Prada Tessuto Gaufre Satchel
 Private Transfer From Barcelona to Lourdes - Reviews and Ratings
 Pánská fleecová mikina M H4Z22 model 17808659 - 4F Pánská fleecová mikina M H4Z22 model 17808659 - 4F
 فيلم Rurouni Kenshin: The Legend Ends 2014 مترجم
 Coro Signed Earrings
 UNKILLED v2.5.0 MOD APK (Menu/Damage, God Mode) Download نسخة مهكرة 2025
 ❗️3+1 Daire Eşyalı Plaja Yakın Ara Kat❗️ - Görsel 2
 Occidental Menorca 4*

━━━━━━━━━━

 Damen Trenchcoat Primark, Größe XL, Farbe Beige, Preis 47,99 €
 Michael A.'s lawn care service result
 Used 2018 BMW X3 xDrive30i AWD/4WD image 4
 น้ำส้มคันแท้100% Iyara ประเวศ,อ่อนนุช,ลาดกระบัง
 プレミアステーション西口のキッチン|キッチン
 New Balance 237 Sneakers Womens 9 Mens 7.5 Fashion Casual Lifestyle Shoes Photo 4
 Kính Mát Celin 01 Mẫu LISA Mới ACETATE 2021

━━━━━━━━━━

▶ _About this exercise_: Both the line containing "Private Transfer From" and the line containing "Coro Signed Earrings" belong in the answer. Print them and every line above that falls between them exactly, and no others.

▶ _Your response_:
 Private Transfer From Barcelona to Lourdes - Reviews and Ratings
 Pánská fleecová mikina M H4Z22 model 17808659 - 4F Pánská fleecová mikina M H4Z22 model 17808659 - 4F
 فيلم Rurouni Kenshin: The Legend Ends 2014 مترجم
 Coro Signed Earrings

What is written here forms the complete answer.